Le FLN et ses chefs connaissaient la relation forte partagée par le général de Gaulle et Jean Amrouche. Ils étaient conscients de son rôle intellectuel et de son apport au mouvement national algérien et à sa guerre de libération. Peut-on penser que, en raison de son engagement intransigeant aux causes justes et l'amour qu'il vouait pour l'Algérie et la France, n'avait-il pas écrit et crié: «Si la France est l'esprit de mon âme, l'Algérie est l'âme de cet esprit», ou encore: «Je pense et j'écris en français mais je pleure en Kabyle.». Jean Amrouche pouvait être celui qu'il fallait au FLN et à la France pour communiquer? Par ses origines kabyles algériennes, par son rôle de journaliste et par sa proximité avec les mondes intellectuel, politique et civil, mais également de par son statut d'Algérien, de Français, de Maghrébin, d'Africain et d'Occidental, on pouvait voir en lui l'homme du gouvernement provisoire de la République algérienne et du gouvernement français.
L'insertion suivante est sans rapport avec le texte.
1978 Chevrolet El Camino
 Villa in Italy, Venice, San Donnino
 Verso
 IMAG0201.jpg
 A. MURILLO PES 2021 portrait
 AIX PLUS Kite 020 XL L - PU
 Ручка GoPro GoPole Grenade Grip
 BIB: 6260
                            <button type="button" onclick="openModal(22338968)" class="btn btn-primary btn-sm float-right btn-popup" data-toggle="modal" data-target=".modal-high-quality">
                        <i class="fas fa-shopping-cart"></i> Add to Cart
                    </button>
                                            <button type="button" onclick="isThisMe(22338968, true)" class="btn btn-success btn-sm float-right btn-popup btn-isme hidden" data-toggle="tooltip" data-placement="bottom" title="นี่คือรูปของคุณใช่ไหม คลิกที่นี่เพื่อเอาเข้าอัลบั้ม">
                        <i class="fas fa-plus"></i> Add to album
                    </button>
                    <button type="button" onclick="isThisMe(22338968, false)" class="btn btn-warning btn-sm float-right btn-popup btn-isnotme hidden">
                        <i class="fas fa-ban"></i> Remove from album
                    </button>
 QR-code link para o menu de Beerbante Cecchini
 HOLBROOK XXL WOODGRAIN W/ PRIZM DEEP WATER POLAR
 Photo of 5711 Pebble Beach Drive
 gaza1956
Il était une sorte de miroir aussi bien pour les Algériens que pour les Français. Il pouvait constituer à lui seul, la passerelle entre la France et l'Algérie, en quête d'une solution finale. Ainsi, il avait accepté de servir de trait d'union entre les Algériens et les Français pour contribuer à faire renaître la paix et la justice en Algérie. «Je suis le pont, disait-il, l'arche qui fait communiquer deux mondes sur lequel on marche.». D'ailleurs au lendemain de la signature des accords d'Évian, le général de Gaulle, conscient de la maladie grave et l'absence de mon père durant l'événement, lui avait écrit dans l'une de ses dernières lettres le rassurant: «Voilà enfin: le combat pour lequel vous vous sacrifiez est réalisé. La France et l'Algérie sont décidément en paix et le peuple algérien est libre et indépendant.».